Required work
The response must consist of the lines from the one holding "Wheels - Friction" through the final line of the entries, given again exactly and without any pictures.

* * * * * * * * *

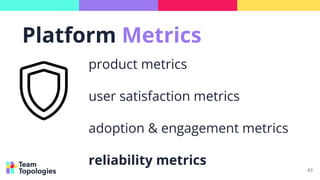 83
product metrics
user satisfaction metrics
adoption & engagement metrics
reliability metrics
Platform Metrics
 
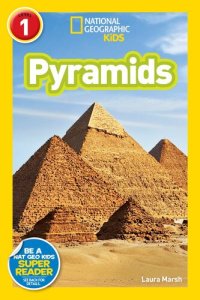 cover of the book National Geographic Readers: Pyramids (Level 1)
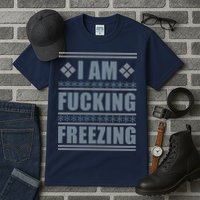 I Am F*cking Freezing Ugly X-mas Tall T-Shirt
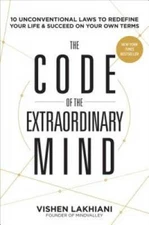 The Code of the Extraordinary Mind: 10 Unconventional Laws to Redefine Yo - GOOD
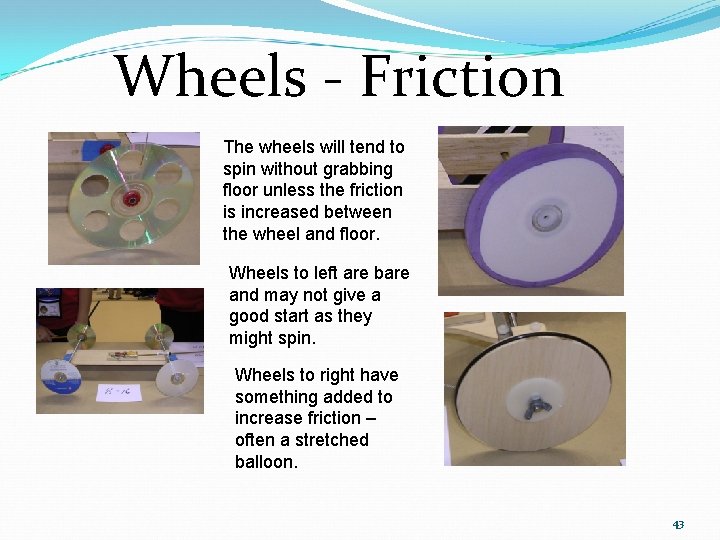 Wheels - Friction The wheels will tend to spin without grabbing floor unless the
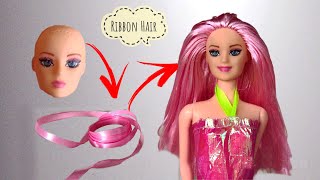 AMAZING IDEA DIY Barbie Hair From Ribbon  Barbie Hacks [upl. by Zola]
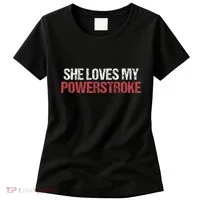 She Loves My Powerstroke Women's T-Shirt thumb 0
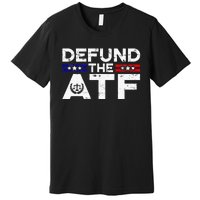 Defund The Atf Anti Government Defund The Atf Premium T-Shirt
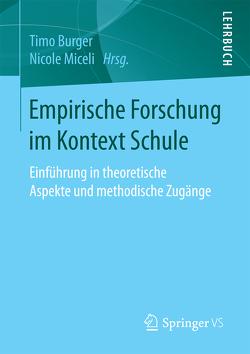 Empirische Forschung im Kontext Schule von Burger,  Timo, Miceli,  Nicole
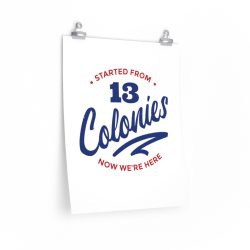 Wall Art Posters Prints - 4th Of July Started From 13 Colonies Now Were Here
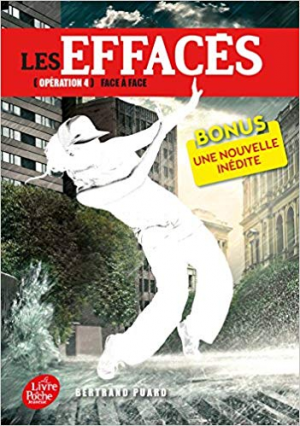 Les Effacés 4- Face à Face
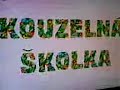 Kouzeln� ?kolka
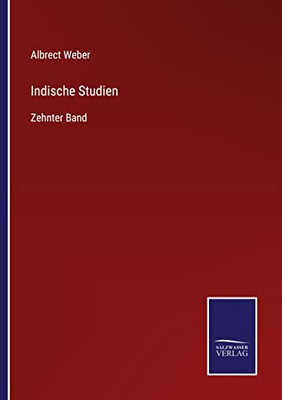 Indische Studien: Zehnter Band (German Edition)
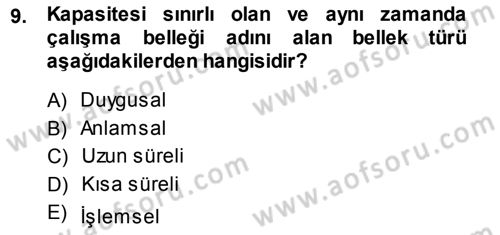 Psikoloji Dersi 2013 - 2014 Yılı Tek Ders Sınav Soruları 9. Soru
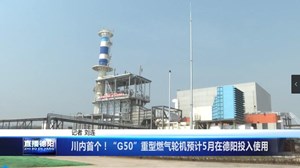 川内首个！“G50”重型燃气轮机预计5月在德阳投入使用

* * * * * * * * *

Final answer
 Wheels - Friction The wheels will tend to spin without grabbing floor unless the
 AMAZING IDEA DIY Barbie Hair From Ribbon  Barbie Hacks [upl. by Zola]
 She Loves My Powerstroke Women's T-Shirt thumb 0
 Defund The Atf Anti Government Defund The Atf Premium T-Shirt
 Empirische Forschung im Kontext Schule von Burger,  Timo, Miceli,  Nicole
 Wall Art Posters Prints - 4th Of July Started From 13 Colonies Now Were Here
 Les Effacés 4- Face à Face
 Kouzeln� ?kolka
 Indische Studien: Zehnter Band (German Edition)
 Psikoloji Dersi 2013 - 2014 Yılı Tek Ders Sınav Soruları 9. Soru
 川内首个！“G50”重型燃气轮机预计5月在德阳投入使用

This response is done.